Re: DTDs and XML conformance

I spoke too soon on a couple of things, and thought of some new items in
the shower (great place to think!).

(By the way, Peter, if you're interested in putting this in your FAQ, I'm
willing to collect items for the next week or so and send you the resulting
lists in HTML form.)

New item for list 1:

o Attribute list declarations either cannot supply multiple GIs in a name
group or must be transformed to split out into several declarations, one
per GI.

New items for list 2:

o Element declarations cannot supply multiple GIs in a name group.

o Attribute list declarations cannot supply multiple GIs in a name group.
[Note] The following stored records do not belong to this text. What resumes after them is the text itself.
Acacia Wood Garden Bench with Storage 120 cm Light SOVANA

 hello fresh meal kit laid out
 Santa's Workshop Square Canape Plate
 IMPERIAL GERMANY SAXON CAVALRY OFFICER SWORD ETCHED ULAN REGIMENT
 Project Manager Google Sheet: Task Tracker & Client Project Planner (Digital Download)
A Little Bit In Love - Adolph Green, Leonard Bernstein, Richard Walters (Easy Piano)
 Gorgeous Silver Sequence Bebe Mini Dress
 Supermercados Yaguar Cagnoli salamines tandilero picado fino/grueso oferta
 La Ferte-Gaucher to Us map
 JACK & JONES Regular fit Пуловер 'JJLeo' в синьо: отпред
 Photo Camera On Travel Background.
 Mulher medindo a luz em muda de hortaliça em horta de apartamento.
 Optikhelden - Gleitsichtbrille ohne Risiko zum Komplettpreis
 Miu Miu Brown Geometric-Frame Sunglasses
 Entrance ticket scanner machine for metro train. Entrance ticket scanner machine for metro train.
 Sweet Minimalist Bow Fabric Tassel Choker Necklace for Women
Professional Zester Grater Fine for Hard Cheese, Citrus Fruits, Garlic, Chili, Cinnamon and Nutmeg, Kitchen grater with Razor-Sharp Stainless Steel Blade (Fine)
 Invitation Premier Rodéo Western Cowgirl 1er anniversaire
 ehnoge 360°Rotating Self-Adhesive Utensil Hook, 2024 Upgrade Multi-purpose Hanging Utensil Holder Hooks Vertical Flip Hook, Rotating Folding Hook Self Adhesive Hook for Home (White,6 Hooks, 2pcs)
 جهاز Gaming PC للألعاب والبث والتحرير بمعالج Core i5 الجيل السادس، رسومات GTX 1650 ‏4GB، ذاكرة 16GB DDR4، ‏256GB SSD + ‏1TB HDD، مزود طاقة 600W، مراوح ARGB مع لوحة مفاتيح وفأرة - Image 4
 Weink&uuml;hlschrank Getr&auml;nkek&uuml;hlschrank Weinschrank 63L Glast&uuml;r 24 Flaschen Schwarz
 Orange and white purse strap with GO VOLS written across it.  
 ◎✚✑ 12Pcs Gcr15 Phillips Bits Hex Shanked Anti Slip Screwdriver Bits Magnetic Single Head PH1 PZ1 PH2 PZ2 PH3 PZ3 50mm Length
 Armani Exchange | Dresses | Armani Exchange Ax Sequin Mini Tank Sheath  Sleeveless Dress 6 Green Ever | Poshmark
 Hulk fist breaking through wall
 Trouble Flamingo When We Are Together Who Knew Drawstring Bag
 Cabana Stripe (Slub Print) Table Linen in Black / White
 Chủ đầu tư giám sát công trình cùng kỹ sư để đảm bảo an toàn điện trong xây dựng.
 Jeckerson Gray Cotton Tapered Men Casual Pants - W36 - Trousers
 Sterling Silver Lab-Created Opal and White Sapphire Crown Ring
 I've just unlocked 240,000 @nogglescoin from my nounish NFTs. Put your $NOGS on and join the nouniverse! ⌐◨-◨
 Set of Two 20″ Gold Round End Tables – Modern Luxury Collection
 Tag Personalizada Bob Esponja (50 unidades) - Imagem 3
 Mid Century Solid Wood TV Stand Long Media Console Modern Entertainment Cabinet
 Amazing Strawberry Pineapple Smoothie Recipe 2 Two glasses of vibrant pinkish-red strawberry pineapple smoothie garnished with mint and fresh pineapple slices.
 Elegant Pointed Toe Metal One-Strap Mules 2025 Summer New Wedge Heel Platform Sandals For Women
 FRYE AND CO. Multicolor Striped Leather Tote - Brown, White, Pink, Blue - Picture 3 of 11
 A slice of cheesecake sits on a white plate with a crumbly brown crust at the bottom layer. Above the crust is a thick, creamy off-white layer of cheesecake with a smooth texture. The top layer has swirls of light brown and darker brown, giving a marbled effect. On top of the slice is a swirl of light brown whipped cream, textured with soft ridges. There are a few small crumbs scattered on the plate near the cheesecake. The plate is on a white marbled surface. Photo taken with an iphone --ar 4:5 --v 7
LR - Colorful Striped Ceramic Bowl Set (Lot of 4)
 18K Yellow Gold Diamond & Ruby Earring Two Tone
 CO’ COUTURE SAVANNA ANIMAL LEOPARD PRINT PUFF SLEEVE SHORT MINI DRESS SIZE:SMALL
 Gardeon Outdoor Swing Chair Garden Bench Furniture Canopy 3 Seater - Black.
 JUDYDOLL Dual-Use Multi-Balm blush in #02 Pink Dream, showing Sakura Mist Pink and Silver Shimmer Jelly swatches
Corrections and additional comments below:

At 11:40 PM 6/3/97 EDT, lee@sq.com wrote:
>Eve's list is very helpful.
>
>I've made some detailed comments, becuase I think it's useful enough to
>be added to the XML FAQ.
>
>Lee
>
>
>
>
>>   1. The instance has to be well-formed: special empty-element and PI
>>      syntax, normalization, etc.
>Yes.  Perhaps this is actully where OMITTAG & SHORTTAG fit.
>
>>   2. Either element type declarations can't use CDATA or RCDATA declared
>>      content, or the elements' content in the instance must be transformed
>>      to escape the appropriate characters that look like markup
>Yes.
>
>>   3. The DTD should avoid attribute value defaulting if you want to
>>      minimize the need to put attribute list declarations in the internal
>>      subset (use #IMPLIED plus a style sheet instead); if default values
>>      are supplied, they must be quoted
>Yes and yes, although the quoting is already covered by [1].

The quoting isn't covered by [1], except insofar as all XML constraints on
DTDs are covered by well-formedness requirements.  What well-formedness
emphasizes is attribute value quoting in start-tags.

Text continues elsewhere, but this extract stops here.